His view of space as "big... really big" is one of the more salient points he makes in the series. Both time and space boggle the imagination. We often think of the Earth as being a very large place but it is only 40,000 kilometres in circumference. That is beggared by the 150,000,000 kilometres between the Earth and the Sun and that distance is nothing compared to the 40,000,000,000,000 kilometres to the next closest star.
But this little blue-green planet is all we have. There is no "planet B" to which we can escape. We are not going anywhere else any time soon.
Which is perhaps why 2019 was a year of climate protests. On a Friday in mid-March thousands of school aged students left their studies to rally against the inaction of governments around the world. In Milan, 100,000 students crowded downtown streets. Over 150,000 flooded Montreal.
Cynical critics argued "these kids just want a day off school" and "why should we listen to children?" but they missed the point by a wide margin. Students were not simply looking for a way to "play hooky." They were trying to reclaim their future. After all, they are the ones who will be living on this planet for the next 80 years. They are the ones who will be living (and dying) with the consequences of decisions being made today.
Perhaps more importantly, the first ever school strike for climate was a learning event. It taught a lot of adults that radical movements can have an effect. Protest is sometimes necessary. And being lulled into accepting the status quo is not a viable alternative.
This past decade has seen the five hottest years on record since record keeping began. As I write this, Australia is burning with summer temperatures reaching 45 C in major cities and across vast stretches of forest. The Great Barrier Reef - the world's largest structure made by organisms - is being bleached by warming acidic water. Last January, a combination of extreme weather and poor water management resulted in one million dead fish floating in the Darling River.
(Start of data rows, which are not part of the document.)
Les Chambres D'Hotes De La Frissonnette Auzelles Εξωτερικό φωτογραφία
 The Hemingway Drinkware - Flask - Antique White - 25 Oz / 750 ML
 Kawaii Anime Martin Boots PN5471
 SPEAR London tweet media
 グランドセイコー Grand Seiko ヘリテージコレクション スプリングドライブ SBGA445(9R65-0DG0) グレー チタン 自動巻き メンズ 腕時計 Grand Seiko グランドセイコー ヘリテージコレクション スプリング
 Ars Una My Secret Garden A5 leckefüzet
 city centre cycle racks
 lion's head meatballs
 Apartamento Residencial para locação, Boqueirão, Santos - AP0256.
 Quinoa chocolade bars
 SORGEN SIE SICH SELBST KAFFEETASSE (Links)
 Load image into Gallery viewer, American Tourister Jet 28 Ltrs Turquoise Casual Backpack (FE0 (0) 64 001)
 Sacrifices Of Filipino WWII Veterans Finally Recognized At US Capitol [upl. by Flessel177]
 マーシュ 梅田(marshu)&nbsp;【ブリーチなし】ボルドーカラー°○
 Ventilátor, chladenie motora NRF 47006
And still the Australian Prime Minister and members of his government will not take action on climate change.
The same can be said for the United States and Canada where droughts and forest fires have impacted huge tracts of land. Even Donald Trump recognizes there are issues with water - although in his case he thinks this is just a matter of regulation. Taking steps to curb our consumption of fossil fuel, though, is deemed too costly and unnecessary.
We are changing climates in all corners of the planet and the impact is resulting in a loss of biodiversity.
In Lapland, changes in the pattern of snowfall and rain in mid-winter are resulting in a mass die-off of reindeer. The same thing is happening in northern Canada for the caribou. The latest bird counts estimate a decline of 2.9 billion birds in North America - a 29 percent drop over the past 50 years. There are many more examples.
But if you look outside your window you will see a world which looks pretty much the same today as yesterday or even last year. Our perspective is shaped by the day-to-day activities of our lives and not a long-term perspective. It is hard to visualize really big time spans. It is hard to remember what the world was like 10, 20, 50 years ago. Like space, time is also "big ... really big."
It is even harder to imagine that the human species could have an impact on such a vast place as the Earth. It is so big. And yet life has shaped this planet from almost its very beginning. For example, the oxygen content of our atmosphere is a direct consequence of photosynthesis by micro-organisms. Without oxygen, we would not have the diversity of life we presently enjoy.
Yes, we live on a blue-green planet orbiting an unremarkable star in the western arm of the galaxy but, for our conceivable future, it is the only home we have. It is blue-green because of the life on it. If we wish it to remain our home, we need to spend the next decade doing some major economic remodeling.